I mean, you're in your early 30s now.
But do you believe, as I believe, that if and when, and when I think the tide turns and the path to prosperity, the path of least resistance, the path to social acceptance means adopting our viewpoints, that most of society will just fall in line.
I mean, have you witnessed that at all?
Or do you believe that these are true believers in that ugly and obesity is beautiful and having no standards is better than having standards?
Don't you think it's easier for society to fall back in line with the truth and with our message than the message of the current regime?
I think there's some truth to that.
I think there's other factors at play.
I think that technology and social media and these platforms that people spend so much of their lives on has this definitely has this kind of warping effect when it comes to how people view the world and what people even see as beautiful in the first place.
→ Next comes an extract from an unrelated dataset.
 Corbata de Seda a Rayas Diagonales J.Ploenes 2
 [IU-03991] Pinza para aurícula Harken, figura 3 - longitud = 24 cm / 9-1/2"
And so in order for people to correct back to, I get a normal system of what is beautiful, what is not, what is good and healthy, what is not, I think that some of these platforms that get a lot of very resentful and unhappy people together one place and harness that negative energy to create these movements that we've seen only accelerating with the increased use of technology.
I think there's going to have to either be a very purposeful stepping back, realizing that these things aren't healthy and that they can only increase negative trends, or there's going to have to be some kind of, I wouldn't say like technological collapse, but there's going to have to be some correction, whether it's purposeful or whether it's unintentional.
Well, that's for sure.
I mean, circumstance will have to change.
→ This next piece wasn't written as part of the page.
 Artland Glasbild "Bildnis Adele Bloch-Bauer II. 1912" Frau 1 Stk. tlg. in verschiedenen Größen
Maybe we need to suffer more.
I believe that we will.
I mean, obviously, it's not going to turn on a diamond for no good reason.
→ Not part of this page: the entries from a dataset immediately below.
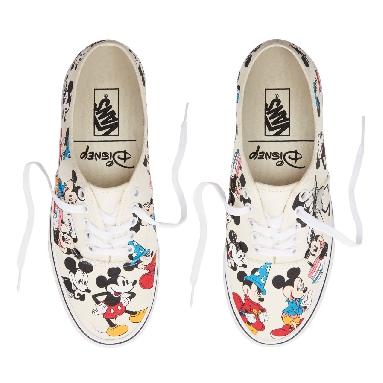 Vans Disney x Vans Authentic Classic Mens Womens - (Disney) MickeyS Birthday/True White VN0A38EMUJ2 Shoes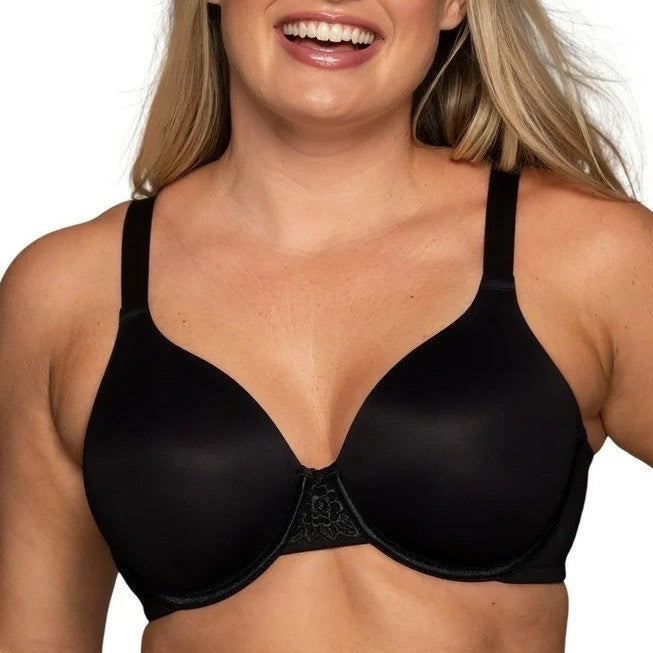 Vanity Fair Beauty Back Bra Women's 36D Black Stretch Full Figure Underwire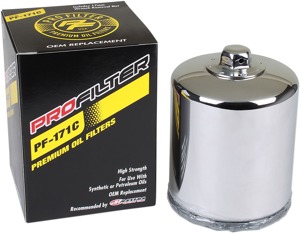 Spin-On Chrome Performance Oil Filter For H-D Big Twin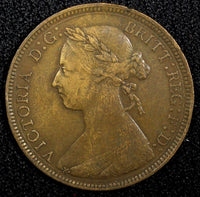 Great Britain Victoria Bronze  1885 1/2 Penny KM# 754 (24 197)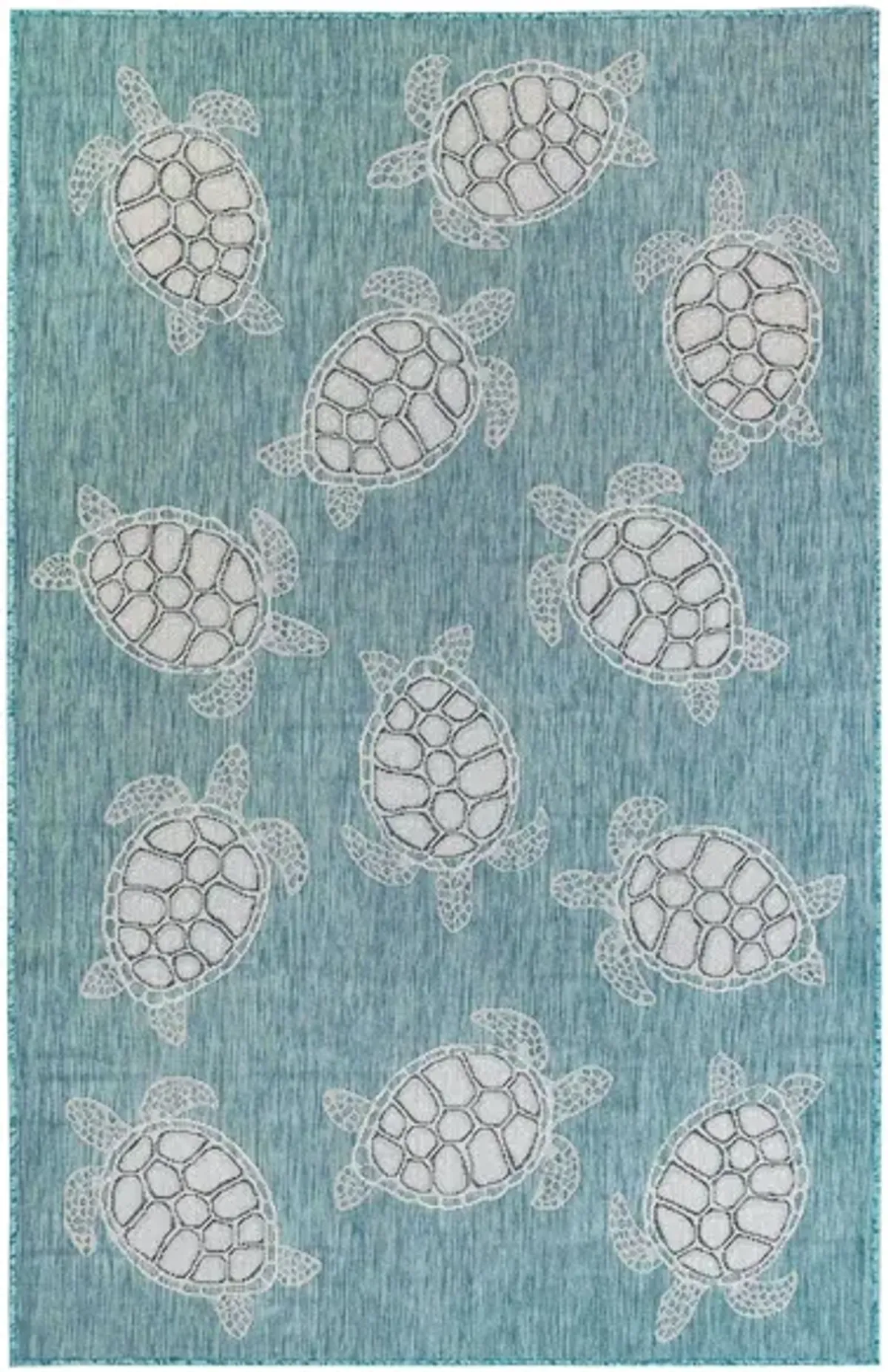 Carmel Indoor/Outdoor Rug in Aqua by Trans-Ocean Import Co Inc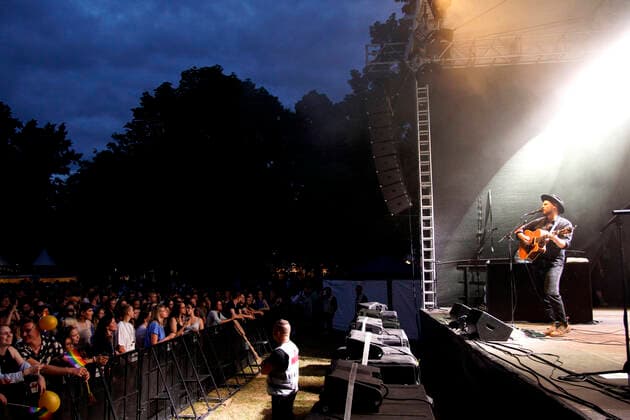 Kosmos Festival 2022 Chemnitz, Kosmos Festival, 17 06 2022, Music Act Mighty Oaks Chemnitz Stadtzenrum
There will be, I mean, maybe it's a nuclear war with Russia.
Maybe it's an economic collapse.
I mean, who knows?
Maybe it's a Deus ex Machina type of event that we can't even foresee, but something will have to change.
But when it does, I don't think that our message is that far removed from what people are willing to accept as some people may hope for, that our enemies may hope for.
But let's move now to your work.
Now that we've established yourself as a younger author and advocate, works of fiction.
I mean, so much of our movement is dealt with policy and politics and issue-oriented books or autobiographies.
It seems as though works of fiction aren't that high on the totem pole.
But I think that it is very important that our side adopt an interest in the arts in order to reach people.
And that's, of course, where fiction comes in in a part.
And we had earlier this year, back in February, I believe, Spencer J. Quinn, who authored the book The No College Club, which was a work of fiction.
And increasingly, I'm interested in promoting people whose books are works of fiction because I think that that's an important part of the puzzle.
So why works of fiction, Marty?
I'd say works of fiction primarily because that's what I grew up consuming so much of.
I spent a lot of time reading, and some of it was historical books about either American history or ancient history and that sort of thing.
But I also spent a lot of time reading just either pulpy fiction or the classics.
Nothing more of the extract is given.